第40回HITOTSU学公開講座(2009.6.6)


HITOTSU学と『孫子の兵法』の世界:第5回


今回も大変多くの皆様にご来場いただきまして、誠にありがとうございました。
今回は第六、虚実篇の内容に入ってまいりました。


まず前半はHITOTSU学創始者のノ・ジェスより、なぜこの時代に孫子の兵法をテーマとして取り上げるのか、そしてこの時代にどのように生かすことが出来るのか、という観点の話からスタートしていきました。

戦争の性格と構図を大きな歴史の流れで捉えたとき、軍隊を運用した戦場における戦いから、貿易や企業運営による市場での戦いに変遷してきました。
これは戦争における価値判断基準(パラダイム)が変化したということです。もちろん現代においても戦場における戦いが完全になくなってはいませんが、近代の大量破壊兵器がもたらす惨憺たる影響は、もともとの戦争目的である「自国の利益を他国と争う」という観点からも上策ではなく、相手の国を保全したまま利益を争う貿易・企業運営による市場戦争へと変遷していったのです。

そのようにして変遷してきたパラダイムが、今まさに大転換しようとしているタイミングであるとHITOTSU学では言っています。
今まで人類がおこなってきたWin-Loseの戦いのパラダイムから、Win-Win All-Winのパラダイムへ、生き方のパターン、思考のパターンが全部変化していく時代へ大転換しようとしているのです。

前半の残りの時間は、第一篇から第五篇までの復習を行いました;。
詳しい内容をご覧になりたい方は、過去ページをご覧ください。


休憩をはさんで後半は本日の内容、第六虚実篇の内容に入ってまいりました。
「善く戦うものは、人を致すも人に致されず」とは、自分は相手の軍隊を思うように動かしても、相手の思うように動かされたりはしないということです。
一般的な解析における虚実篇の内容は「敵軍の行動を自由に操りながら、敵と対峙するときの相対的優位性を確保しながら、実をもって虚をうつ戦術」を語っています。
※虚実とは・・・虚→備えの手薄なところ、実→備えが充実しているところ

HITOTSU学の観点からみると、虚実篇のキーワードは“主導権”です。
主導権をとるとは、相手を思いどおりに動かし、相手の命運を手中に収めることです。
それではどのようにしたら“完全な主導権”をとることが出来るのでしょうか。
一体何に対して、どのような主導権を持つことが必要なのでしょうか。

今の時代に本当に必要な主導権は、自分の考え・感情に対する主導権ではないでしょうか。
現代人は情報過多な社会の中で、何をどのように考えたらよいのかわからず、生きる意味・価値を見出せない状態にあります。
そして自分自身の考えや感情をコントロール出来ず、多くの人が心の病で苦しみ、日本だけを見ても11年連続で自殺者が3万人を超えるなど、実際の戦争よりもひどい“見えない戦争”が起きていると言えるのではないでしょうか。

その自分自身の考え・感情に勝つこと、すなわち自分自身が考えや感情にコントロールされない主導権を持った生き方こそが、時代に求められているものではないでしょうか。
そしてその主導権が、ひいては今の時代の様々な危機や限界を突破していく原動力でもあるのです。
その“完全な主導権”を得るためには、認識の次元上昇しかありません。
認識の次元上昇によって“すべての存在を存在させ、その存在を変化・運動・移動させる究極の力、主導権”とひとつになれるのです

 

日本人の虚(弱さ)実(強さ)とは何でしょうか?
今からの時代はこころの時代です。

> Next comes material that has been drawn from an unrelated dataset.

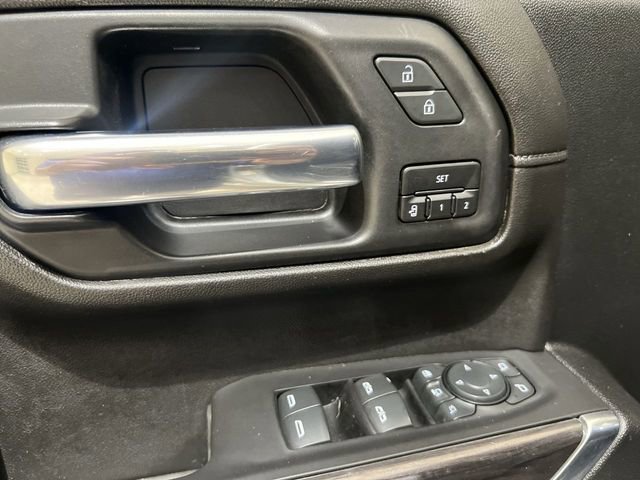 Used 2020 Chevrolet Silverado 3500 LTZ w/ Safety Package image 21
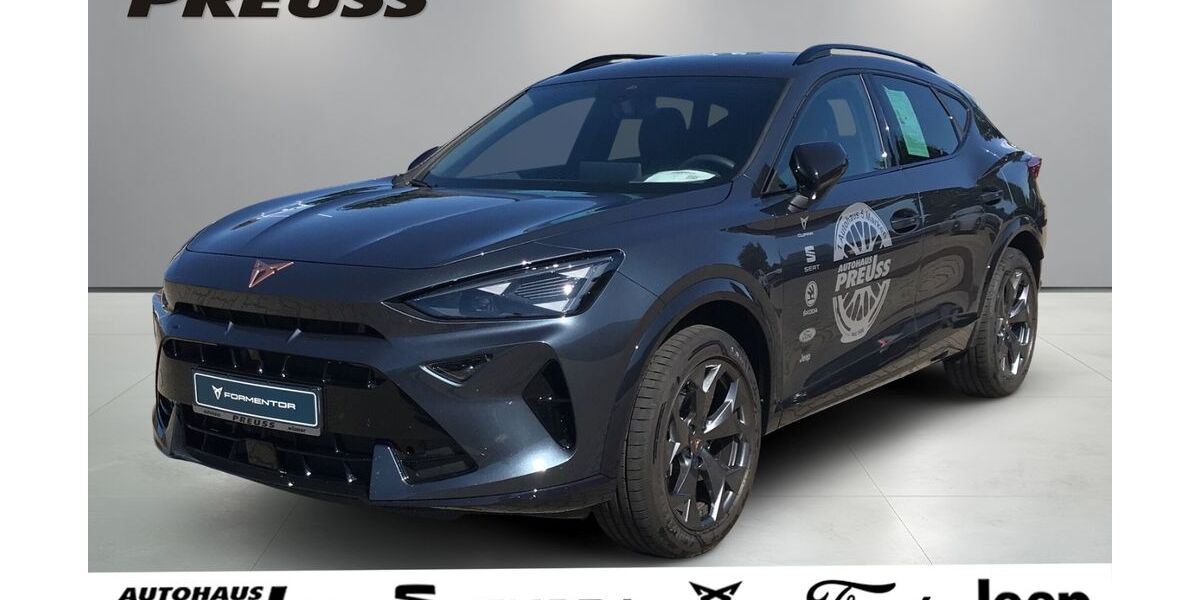 Cupra Formentor 9.367 km 31.590 &euro; Wismar 23966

そのこころが繊細で、思いやり、やさしさが世界トップであるのが日本人であるとNohさんは言います。
しかし繊細なこころゆえに、今一番こころが苦しく、自信を失っているのが日本人でもあるのです。
その日本人が認識の次元上昇をとおして「本来の自分」、「日本の底力」と出会うことで、本来の日本の“実”であるこころをとおして、今の時代の“虚”こころを元気にしていくことができます。日本から世界を元気にしていく、時代の主導権を持つことが出来るのです。

その日本人の無限の可能性を引き出すために、一人でも多くの人に認識の次元上昇をとおした「日本の底力」と出会っていただければ、こんなにうれしいことはありません。
その一人ひとりの出会いこそが、現代における唯一の希望であると確信しています。

最後にそんな日本の皆様に向けて、Nohさんからのポエム「日本、平和の種よ」をお届けしました。「日本のことを想って、書いたポエムです」というコメントに日本人として心が打たれました。

終了後は多くの方がNohさんを囲んでの交流会となりました。
ご来場の皆様の暖かな応援や感想をいただきながら、和やかな雰囲気で会を終了することが出来ました。

皆様のご来場、誠にありがとうございました。